# TASK TO CARRY OUT:
Leave out the images and set down the records below exactly.

# DATA PROVIDED:
-.-.-
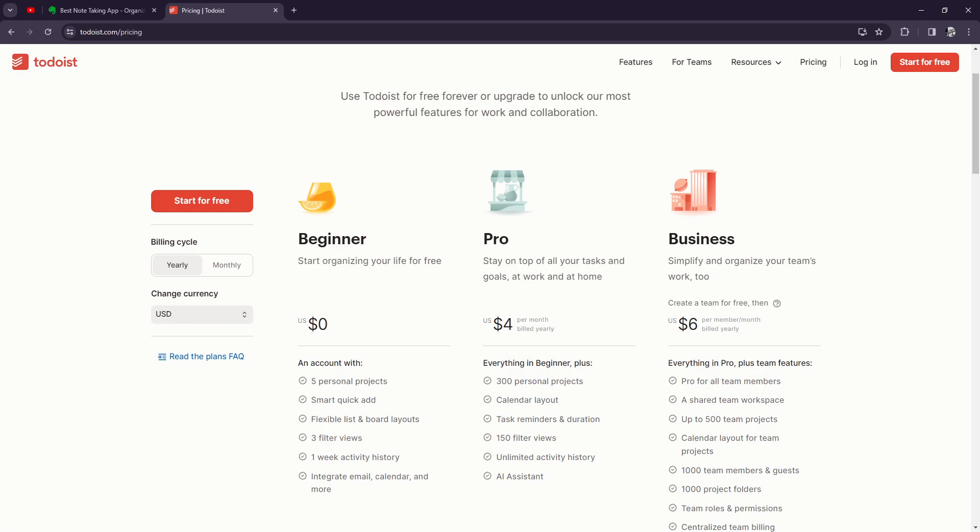To be honest with you, I haven't really tried the collaboration feature just yet because for now I'm using Todoist premium for personal use only. Alright, so let's move on to the benefits. The benefits of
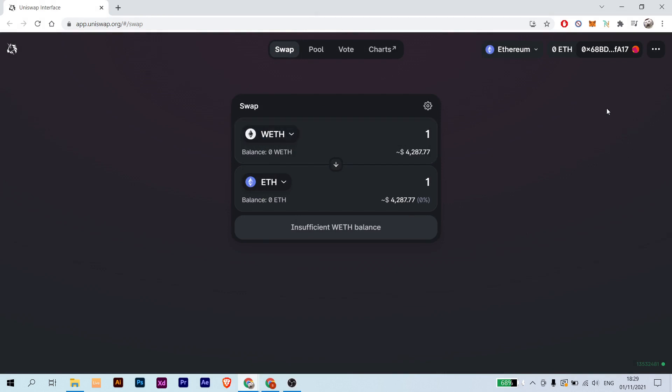The WETH that you have on your MetaMask wallet will appear in here, and you can see or choose the balance that you want to unwrap. And choose Ethereum in here and click, and it will get unwrapped.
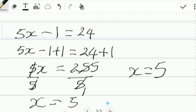So bottom line, x is equal to 5. I trust that you understood and that you learned something. Thank you for watching.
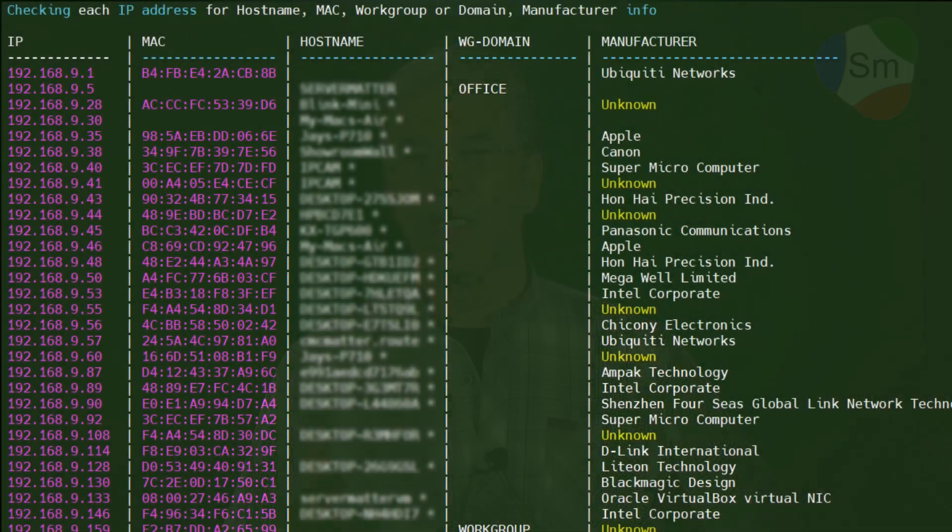I've got a dog right outside that door and as soon as I start talking he starts barking, so I'm going to try this again. My name is Jay Lepore and I am with CompuMatter and also with ServerMatter. The purpose for this video is to talk about a script that I'm going to provide for you — a network scanner in Linux that can be used from the command line.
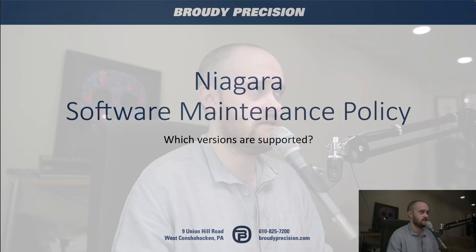Hey, this is Matt Wimmer from Brody Precision. In this video we are taking a look at the Niagara Software Maintenance Policy. This is something that Tritium implemented a few years ago. I think it flies under the radar for a lot of people, but I do think it's super important for you to have an idea of, so that you're picking the proper versions to use on your sites and you're updating as you should be. So let's jump in and take a look.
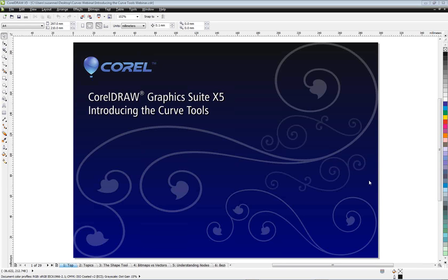CorelDRAW has a fantastic array of tools for drawing standard shapes such as squares, circles, rectangles, polygons, etc. But when it comes to drawing more organic and flowing shapes, this is when you really have to get to know your curve tools.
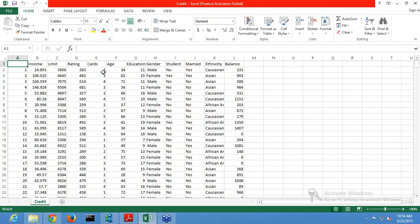Is this data sufficiently formatted for analysis? The answer is no, because the data contains strings and the data should be numeric to perform analysis. The string columns in this dataset are: gender, student, married, and ethnicity. These strings should be converted to numbers to perform analysis.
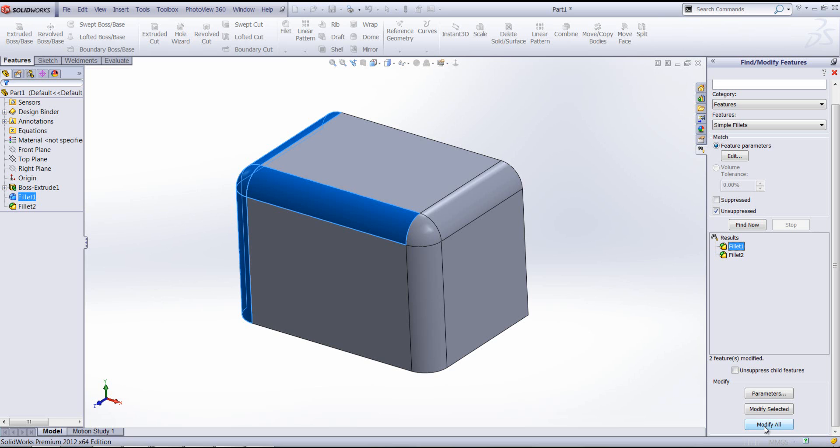It's really useful if a design requirement for a particular model changes and you have to change all those parameters. You can use the Find and Modify Features tool instead of doing it manually.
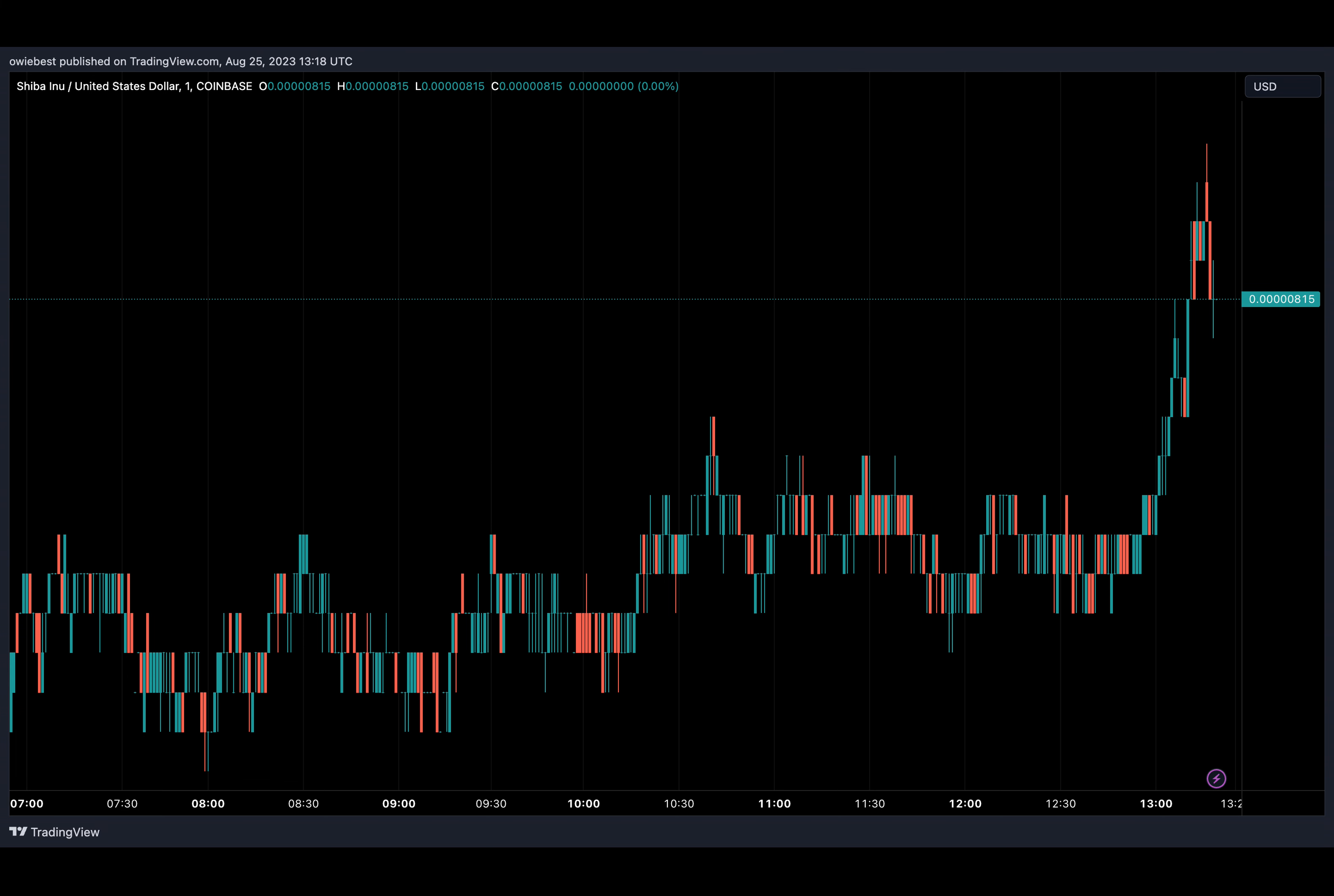There is also the fact that SHIB burn rates are on the rise and new developments such as the SHIB Association, recently launched by a prominent Shiba Inu burn tracker, SHIB Burn, in an effort to bolster the ecosystem.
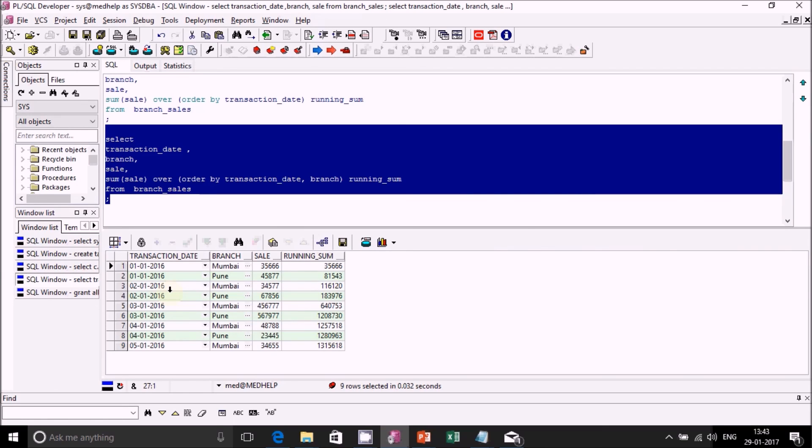This is how we achieve running sum in Oracle SQL. Thanks a lot for watching this video. If you liked this video, please subscribe to my channel.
-.-.-
# YOUR RESPONSE:
To be honest with you, I haven't really tried the collaboration feature just yet because for now I'm using Todoist premium for personal use only. Alright, so let's move on to the benefits. The benefits of
The WETH that you have on your MetaMask wallet will appear in here, and you can see or choose the balance that you want to unwrap. And choose Ethereum in here and click, and it will get unwrapped.
So bottom line, x is equal to 5. I trust that you understood and that you learned something. Thank you for watching.
I've got a dog right outside that door and as soon as I start talking he starts barking, so I'm going to try this again. My name is Jay Lepore and I am with CompuMatter and also with ServerMatter. The purpose for this video is to talk about a script that I'm going to provide for you — a network scanner in Linux that can be used from the command line.
Hey, this is Matt Wimmer from Brody Precision. In this video we are taking a look at the Niagara Software Maintenance Policy. This is something that Tritium implemented a few years ago. I think it flies under the radar for a lot of people, but I do think it's super important for you to have an idea of, so that you're picking the proper versions to use on your sites and you're updating as you should be. So let's jump in and take a look.
CorelDRAW has a fantastic array of tools for drawing standard shapes such as squares, circles, rectangles, polygons, etc. But when it comes to drawing more organic and flowing shapes, this is when you really have to get to know your curve tools.
Is this data sufficiently formatted for analysis? The answer is no, because the data contains strings and the data should be numeric to perform analysis. The string columns in this dataset are: gender, student, married, and ethnicity. These strings should be converted to numbers to perform analysis.
It's really useful if a design requirement for a particular model changes and you have to change all those parameters. You can use the Find and Modify Features tool instead of doing it manually.
There is also the fact that SHIB burn rates are on the rise and new developments such as the SHIB Association, recently launched by a prominent Shiba Inu burn tracker, SHIB Burn, in an effort to bolster the ecosystem.
This is how we achieve running sum in Oracle SQL. Thanks a lot for watching this video. If you liked this video, please subscribe to my channel.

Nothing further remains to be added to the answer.